Black Women, Choose Wisely. Who are YOU Booking to be Your Baby's Daddy?
The BLACK WOMAN is just as responsible for what happens to her as the black man. I say that because, yes, some black men laid up with some black women, but black men weren't there by themselves.
If we, as black women, would think more of OURSELVES than what we can physically offer someone, we, perhaps, would not be in this pridictament. I blame US more because at the beginning and end of each day, WE are the ones who must carry that seed and nurture that seed from embryo to human being, ready to enter the world in 38-42 weeks.
In other words, as black WOMEN, we should absolutely discriminate! We should get to know through slow, careful observation and experience about a person's character before we involve ourselves to the point of pregnancy (or even s*x at all). We should require more of ourselves and from guys who are quick to treat us like nothing because we ALLOW it. We, too, know how babies are made and there are too many modes of contraception out there to "accidentally" get pregnant. Then, too, there's the problem of us making babies because we think it'll keep him around. Aside from that, I'm somewhat willing to give black men SOME benefit of a doubt. It's not always about him WALKING AWAY. Sometimes, it's about him being KEPT AWAY because he was not more selective about who HE chose to be his baby's mama.
That brings me to my next point. Black women (and women period)...STOP USING BABIES AS WEAPONS. Children are NOT responsible for what is wrong with the man/woman boy/girl that produced them. It didn't work out between you and him. So WHAT? Does that have to mean that he won't be a good father because a prerequisite for being a good father is being with YOU? I've seen so many men fight to maintain contact with their children just to have them dangled like apples by the black woman who claims to have their best interest at heart. Seriously, many DO leave, but SOME desire to and fight to stay in their children's lives. The sooner we realize that just because he's not husband or boyfriend material doesn't mean he's not father material, the better. (And sometimes, it's that WE'RE the ones who are not the ideal material).

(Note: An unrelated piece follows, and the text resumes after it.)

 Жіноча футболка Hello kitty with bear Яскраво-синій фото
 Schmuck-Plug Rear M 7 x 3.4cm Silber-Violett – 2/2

The older generations need to counsel younger generations like my grandmother (and frankly, my mother...VERY much) did me. We need to be trained and re-trained that our priority is to make something of ourselves and to strive to get educated and get out there and make it happen for ourselves...in Jesus' Name. WE need to stand on our feets, graduate high school, attend and graduate college...we need to have, set and accomplish goals that place us in higher life echelons, so that God forbid, if something goes amuck and that guy doesn't stick around, WE really CAN hold it down without him. (The hope is that once we become so focused on what we need to accomplish for ourselves, we won't be so focused on the horizontal mambo and/or how men define our worth. The hope is that we go foward with life and with the mindset that the only one using us with our permission is GOD).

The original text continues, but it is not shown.